The definition of success varies widely between cultures and individuals, depending on their goals in life. A prime example of this differentiation exists between members of industrialized and unindustrialized societies, due to the great variation in their member’s day to day lives and value systems. Many of these differences become apparent when one examines the daily existence of the individual- for example, the acquisition of basic food and shelter. In a non-industrialized society, members frequently reside in close-knit communities.
This is often the case due to the daily pressures of subsistence living; that is, growing one’s own food supplies and maintaining living quarters. Non-industrialized societies typically require a greater amount of manual labor input to sustain themselves, and in that light the majority of its people will spend most of their time farming and raising animals for food. Such work is typically done more efficiently when efforts between individuals are coordinated, therefore encouraging group cooperation.

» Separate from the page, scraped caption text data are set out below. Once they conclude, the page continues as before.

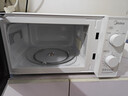 美的（Midea）变频家用微波炉经典双旋钮360°转盘加热 智能解冻 五档火力18L容量213B升级款一级能效（M13J） 实拍图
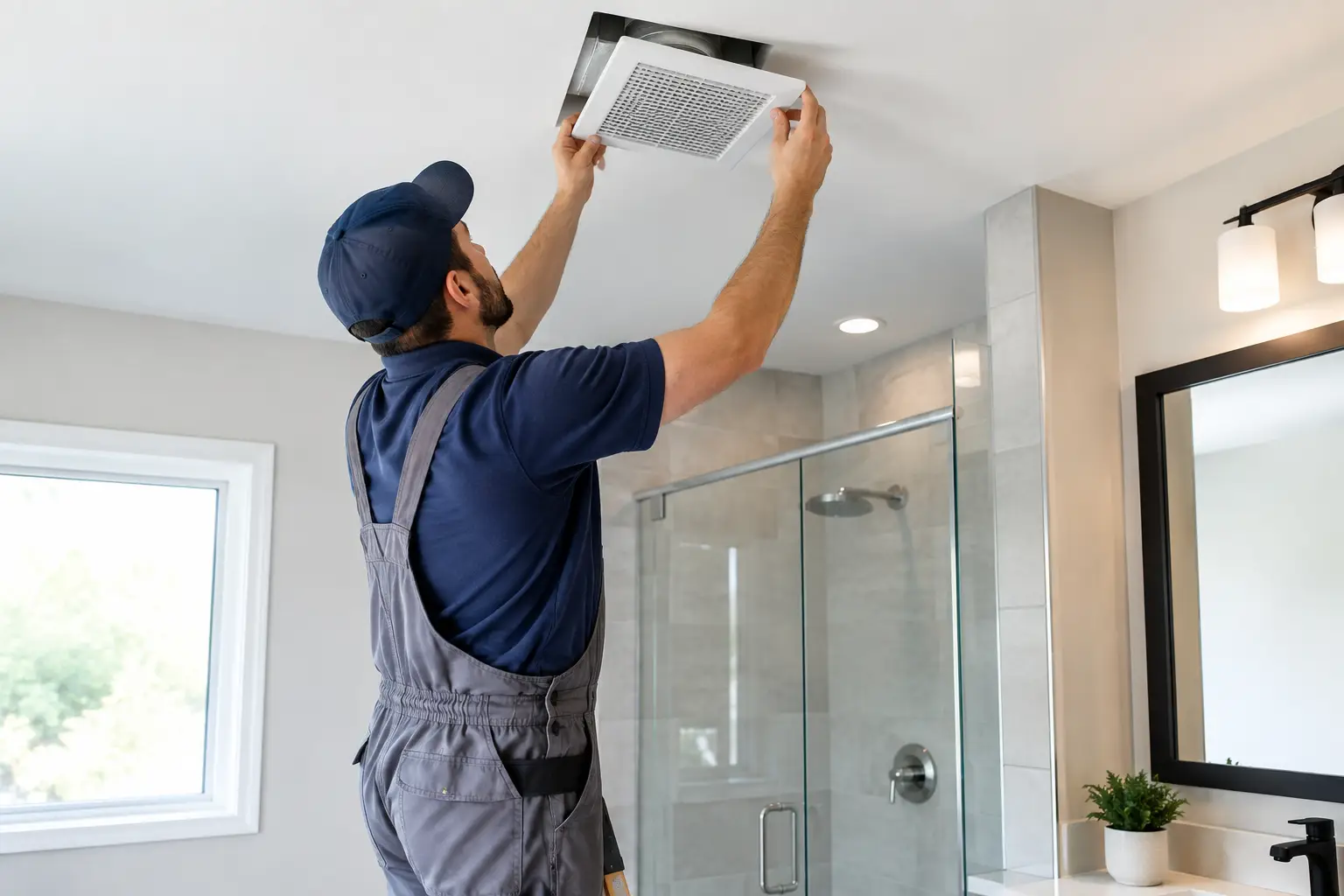 Bathroom Ventilation Requirements for Remodels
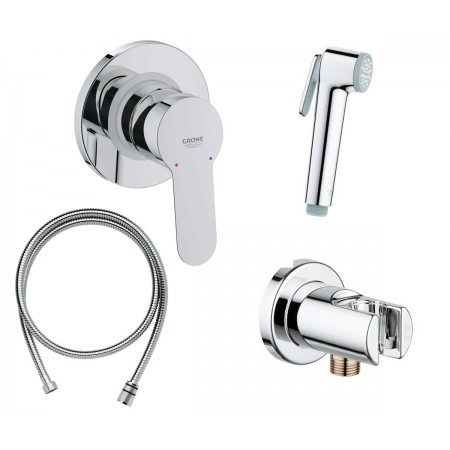 Набор с гигиеническим душем Grohe BauEdge скрытого монтажа (28512003) фото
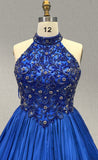 Gorgeous Royal Pageant Couture with Sparkly Beaded Bodice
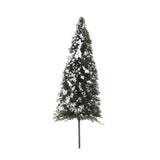 Maxbell 8xLots 10 1/150 Scenery Cedar Trees Miniatures Set for Parking Scenery Accs
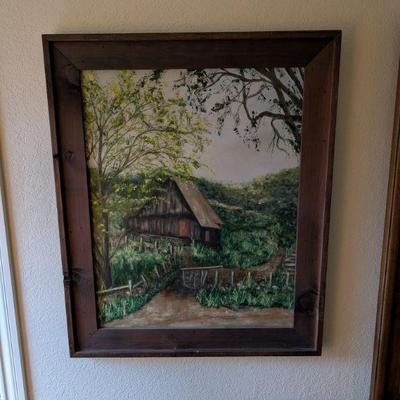 Oil Painting 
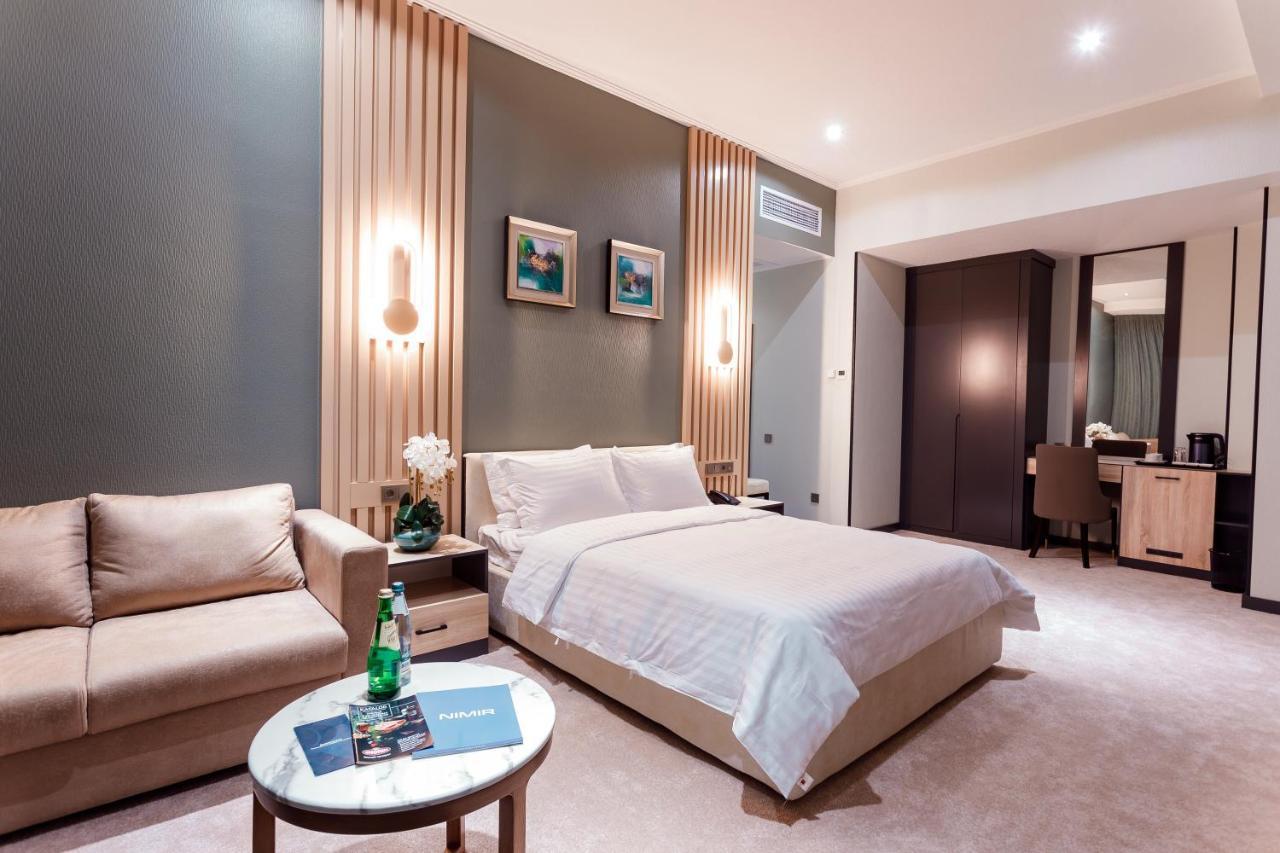 HUSMA Hotel&Spa Tasjkent Buitenkant foto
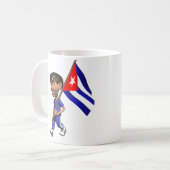 Mug Garçon cubain (Devant gauche)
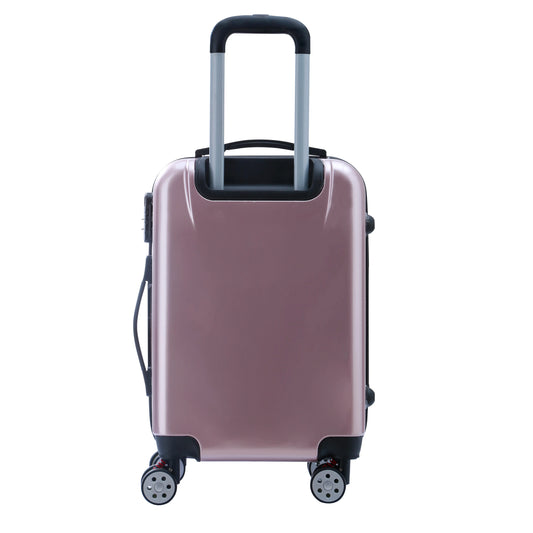 KTX-977619 Spacious and Durable ABS+PC Luggage Suitcase Set for Travel, Model XHP090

An individual I such a society would likely deem themselves successful if they succeeded in furthering this group dynamic- they would be a successful farmer and an active member of their community. Industrialized societies, however, place far less emphasis on the community and more on the individual. Members gain the benefit of greater automation in their everyday lives, and therefore can spend less effort in acquiring basic living needs, and can focus more of their time on more complex activities such as trade.
Since basics like food and shelter are more plentiful, the individual would begin to take these things for granted and not use them as a measure of success. Instead, they would consider themselves successful if they did well in their business interests (the president of a highly valued company, for example) or owned a large amount of “luxury” type goods- that is, personal possessions not needed for survival (such as a nice car, ostentatious house or fancy electronics).